* WORK TO COMPLETE: Down to the last line of the listing, starting at the one with "137 Hillcrest Dr, Lords Valley, PA 18428", retype each line exactly. Do not copy the pictures.

* SOURCE DATA:
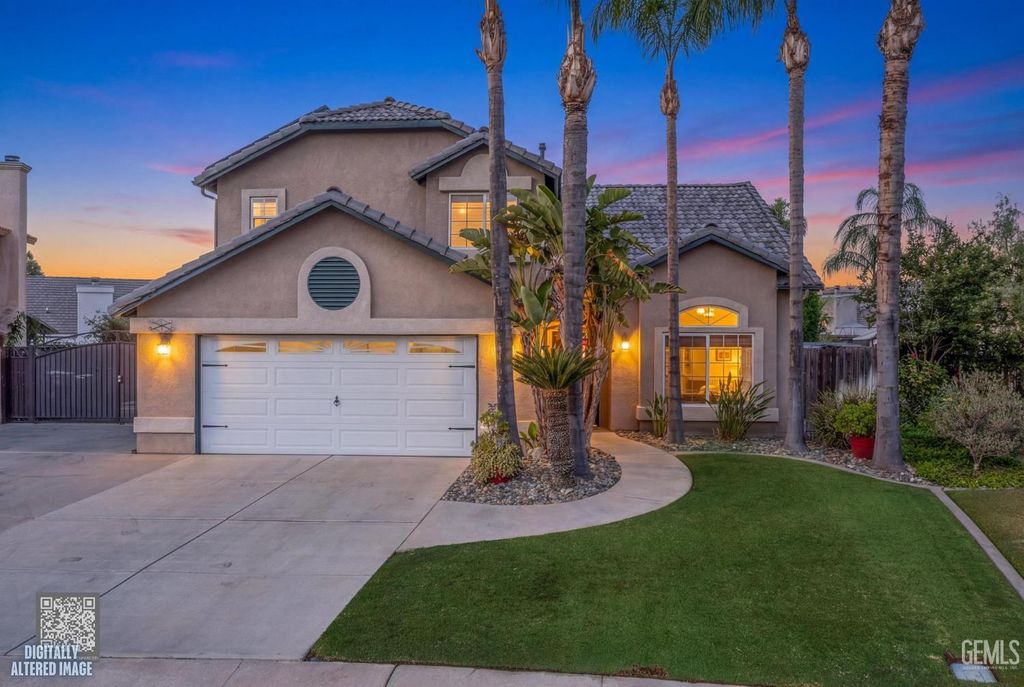 Photo of 4927 Sanderling Lane, Bakersfield, CA 93312 (MLS # 202603675)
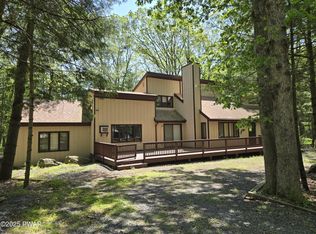 137 Hillcrest Dr, Lords Valley, PA 18428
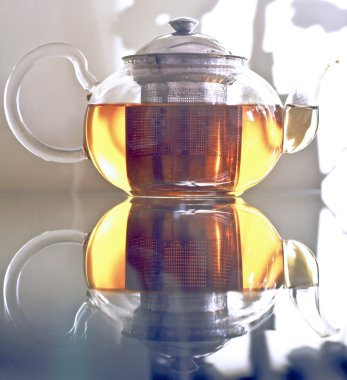 Cam masa üzerinde duran cam çaydanlık . 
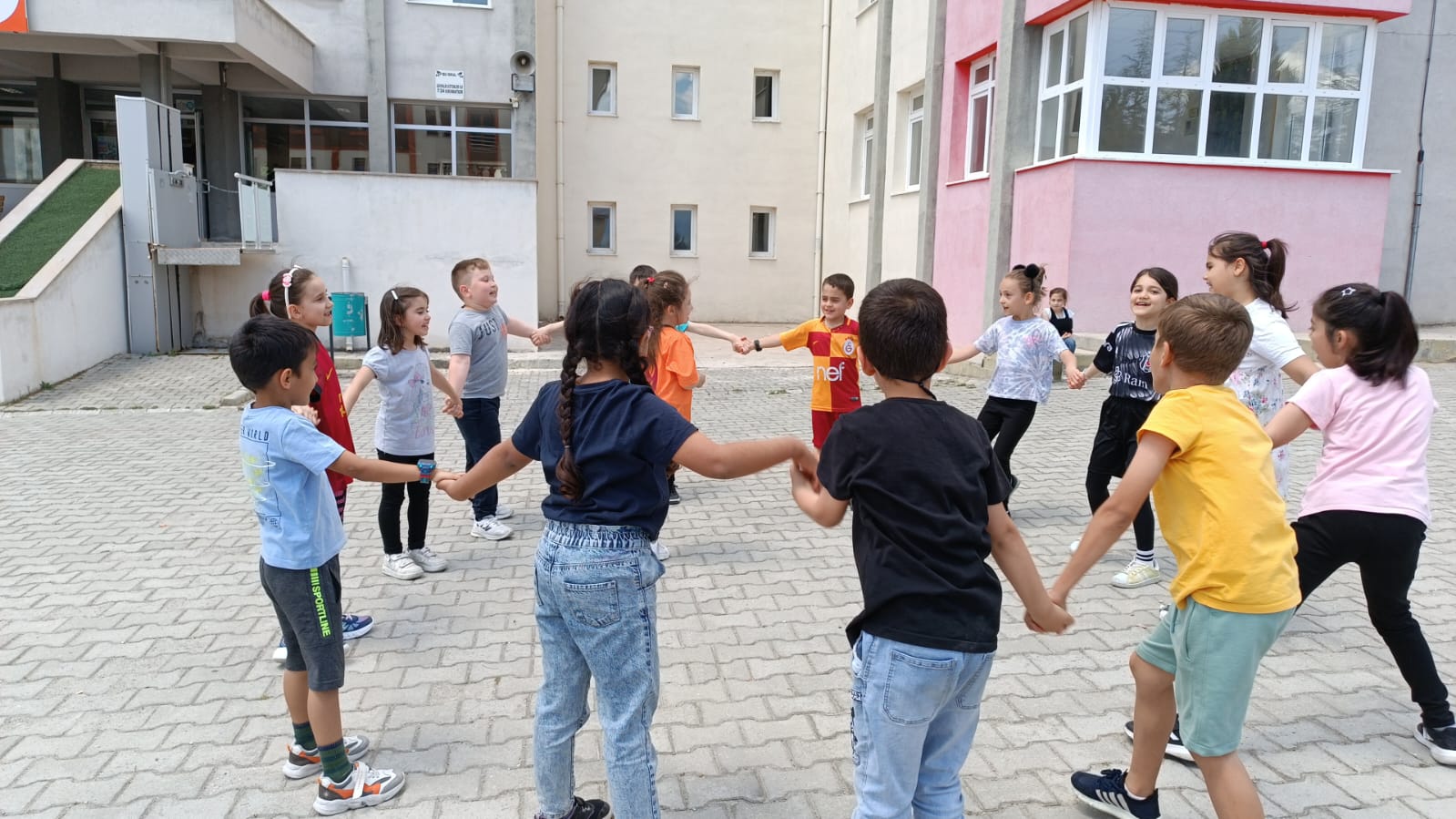 Gediz Gençlik Spor Müdürlüğü’nde Spor Kursları Devam Ediyor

* RESULT FOR THIS EXERCISE:
 137 Hillcrest Dr, Lords Valley, PA 18428
 Cam masa üzerinde duran cam çaydanlık . 
 Gediz Gençlik Spor Müdürlüğü’nde Spor Kursları Devam Ediyor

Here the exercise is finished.